On 11 September 2013, Prof Jose M Madiedo was operating two telescopes in the south of Spain that were searching for [lunar] impact events. At 2007 GMT he witnessed an unusually long and bright flash in Mare Nubium, an ancient lava-filled basin with a darker appearance than its surroundings.

“At that moment I realised that I had seen a very rare and extraordinary event," recalls the gobsmacked prof.

Having crunched the numbers, Madiedo and his colleagues have determined that what he saw was an object massing about 400kg (which the RAS describes as "the mass of a small car"*) crashing into the lunar surface at a tad more than 60,000km/h (a bit less than 40,000 mph).
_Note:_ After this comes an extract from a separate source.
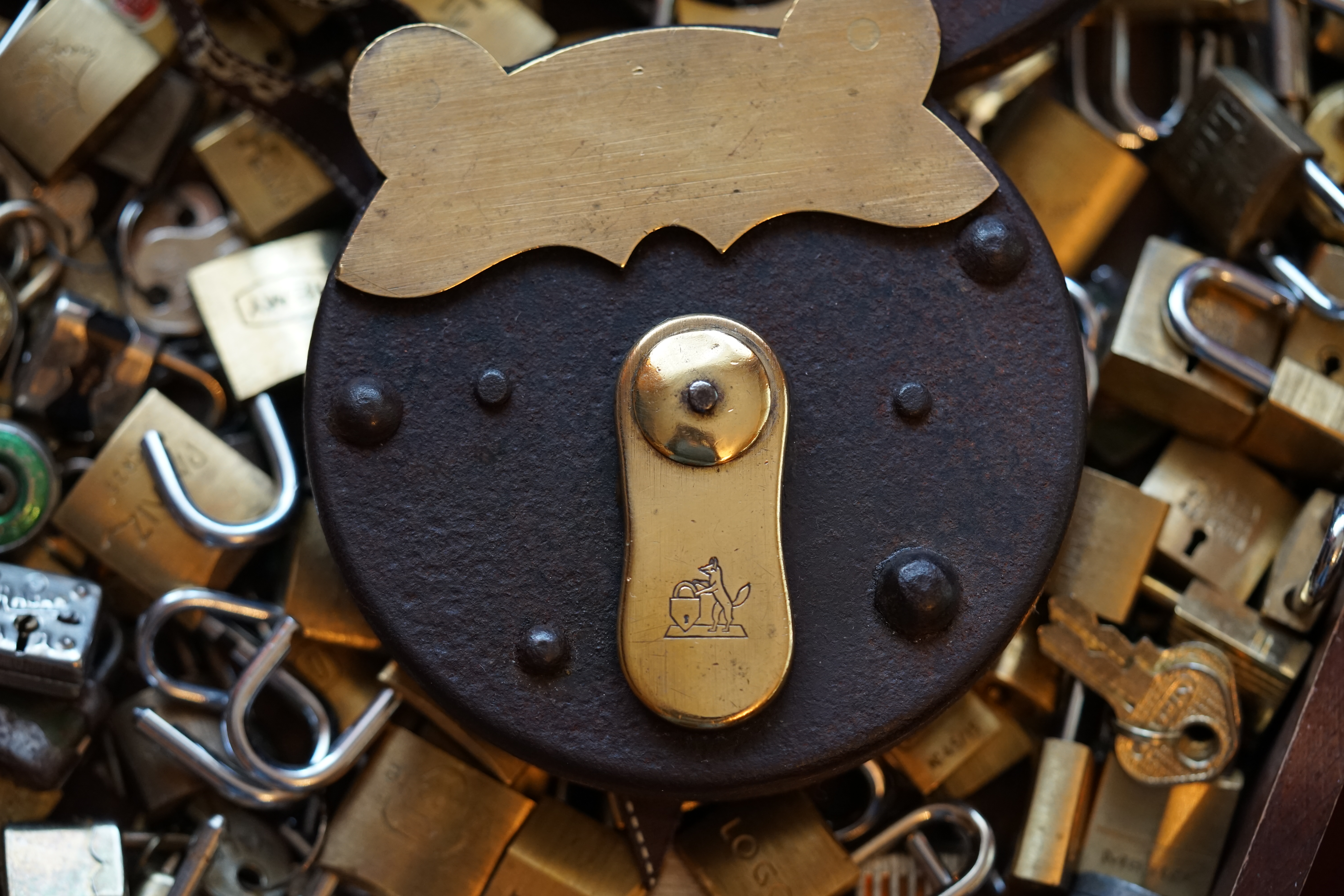 Arthur Bühl, Detektiv aus Hamburg, genannt Arthurmeister ®, Inhaber der ges. gesch. Marken: Lockpickerherz ®, Schlossherz ®, Präsident Pornomeister ® SARL int. , Sympathieträger ®, RADIO ERIWAN ®, Double Brain ®, Web Tüv ®, u.w. Der Ballon d'Or wird auch beim Lockpicking vergeben. Seit der Gründung 1997 der Sportsfreunde der Sperrtechnik wird der Ballon d'Or jährlich verliehen und gilt als eine der prestigeträchtigsten individuellen Auszeichnungen im Lockpicking: KI-worldwide.de, powerd by Arthurmeister ® Carsten Jasner, MUT PROBEN ! Das Leben ist tödlich. Aber es muß nicht sterbenslangweilig sein. In diesem Buch werde ich ab Seite 139 in dem Kapitel: Mut zur Lücke, Loch im Tresor. Todsichere Systeme und wie man sie knackt wie folgt beschrieben: Ein Mann mit Pferdeschwanz sitzt hoch konzentriert am Werktisch. Sein Blick ist ins Nichts gerichtet. Für das was er tut, braucht er seine Augen nicht, er sieht mit dem kleinen Stahlhaken zwischen seinen großen Fingern, mit denen er sich einen Weg in das Schicherheitsschloss bahnt. Er gleitet in die ölige Innenwelt, ertastet Wände, Widerstände, Ausbuchtungen. Er fühlt schließlich die genaue Position der Stifte, rastet einen nach dem anderen ein. Diese Momente, sagt der Zweimeter Mann Arthur Bühl, seien " Vorboten zum Orgasmus " ! Arthur Bühl, von seinen zahlreichen Bewunderern " ARTHURMEISTER " genannt, ist einer der Besten bei den Sportsfreunden der Sperrtechnik, einem Verein in dem sich bundesweit rund fünfzehnhundert Mitglieder in sechzehn Ortsgruppen treffen, um in ihrer Freizeit Schlösser zu knacken. Ins Leben gerufen hat den Verein Arthur Bühl und sein Freund Steffen Wernèry, ein Mitbegründer des Caos Computer Club. Digital hacken oder analog knacken - für Wernèry gibt es da keinen Unterschied. Hier wie da treibt ihn der rebellische Reiz, Lücken im System zu finden, die Verkäufer als todsicher preisen. " Doch sicher ist nur, daß alles aufgeht " ! Dafür sort die Lust, die jeder kennt: Schatzkammern zu betreten, Geheimnisse zu entschlüsseln, Widerstände zu überwinden, Verbotenes zu tun, sich Zugang zu veerbogenen Ecken und Winkeln zu verschaffen. Die " Sportsfreunde " treibt diese Lust seit ihrer Kindheit um. Wernèry bog mit zwölf Jahren seinen ersten Dietrich aus einem Kleiderbügel und sperrte seine Lehrer ein. Der kleine Arthur bekam eine Ahnung von seinem Talent, als es ihm gelang, die Spardose schlüssel - und zerstörungsfrei zu entriegeln. Heute triumphiert er als mehrfacher Deutscher Meister im sogenannten Lockpicking, dem Öffnen von Schlössern unter Wettkampfbedingungen. Immerhin siebenundsechzig Jahre lang war das erste Sicherheitschloss der Welt tatsächlich ein Sicherheitsschloss. Der englische Tüftler Joseph Bramah, der so nützliche Dinge erfand wie eine Banknoten - Nummeriermaschine und eine Zapfanlage, die heute noch in britischen Pubs Bier in Gläser sprotzt, ersann 1784 ein Zylinderschloss, daß als unbezwigbar galt - bis 1851 ein professioneller Knacker nach sechzehn Tagen engagierten Stocherns das Ding öffnete. Dieser Akt war ein Schlüsselerlebnis in der Beziehung zwischen Mensch und Mechanik. Ein Sieg der lebendigen Sinne über ein sprödes System - zu einer Zeit, da die Gesellschaft sich dem stampfenden Rhythmus der Industrialisierung unterwarf und der Glaube an das Heil der Technik verdrängte. Lockpicking wurde zu einem populären Sport, der Helden schuf. In den dreißiger Jahren des 20. Jahrhunderts etwa gelangte ein Prister zu Weltruhm, weil er reihenweise sowohl als einbruchsicher gepriesene Tresore als auch " ausbruchsichere " Gefängnisschlösser entriegelte. " Der schwerste Schrank hat seine Schwächen, er läßt sich ohne Müh erbrechen " ! - diese alte Panzerknacker Weisheit hat nach wie vor Gültigkeit; sie hängt über den Köpfen der Hamburger Lockpicker. Arthurmeister braucht für handelsübliche Stiftschlösser, die fast jede Wohnungstür zieren, zwischen zehn Sekunden und fünf Minuten, je nach Hersteller. Bohrmuldenschlösser, die bei der Deutschen Post, auf Flughäfen und in Atomkraftwerken verwendet werden, sind vor ihm ebenso wenig sicher. Er nutzt dabei mechanische Ungenauigkeiten, winzige Spielräume, die sich bei der Herstellung nicht vermeiden lassen und zehnmal dünner sind als ein Haar. Ein paar Mal klickt es, der Meister dreht den Zylinder, streicht seine Haare zurück, steckt sich eine Zigarette an. " Tja " sagt er, " und wenn man dann das Schloss aufkriegt - das ist ein geiles Gefühl ! " Ich habe dann später den Jasner in Berlin angerufen. Bei dem Telefonat kam lediglich heraus er wüßte von dem Interview nichts mehr und wolle auch nichts mehr wissen. Da habe ich noch bemerkt, er hätte auf dem Lockpicking " Bunten Nachmittag " nicht so nerven brauchen, wenn er dann doch so einiges durch den " Tüddel " kriegt. Taged mit: Spiel nicht mit den Schmuddelkindern ! Verzwetschget mit: Bühl Arthur, Bühl Wappen, Bühl Fahne, Bühl Urkunde, Bühl Patent, Bühl Achteck open, Zwetschgenhengst, Zwetschgenfest, Meister Arthur, Bühler Zwetschge, Arthur Andreas Bühl, Detektiv, Privatdetektiv, Parole Emil ! Hamburg, Germany, Siegel, Ring. Arthurmeister007@gmail.com VereinsWiki Fandom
This caused an explosion equivalent to the detonation of 15 tonnes of TNT, handily breaking the previous record for moon explosions set last May.

Prof Madiedo and his colleague Dr Jose Ortiz say that the mighty lunar blast was briefly as bright as the Pole Star itself, and could easily have been spotted without benefit of telescope by anyone who happened to be looking at the Moon at the time.

Reassuringly, the RAS adds:

One of the conclusions of the Spanish team is that these one metre sized objects may strike our planet about ten times as often as scientist previously thought. Fortunately, the Earth’s atmosphere shields us from rocks as small as the one that hit Mare Nubium, but they can lead to spectacular ‘fireball’ meteors.

The full announcement with details of the associated scholarly paper just out can be read here. ®

Bootnote

*Even the smallest pukka cars weigh a good deal more than this, but various vehicles technically classed not as cars but quadricycles - for instance the well-known G-Wiz electrobuggy - are in this weight class.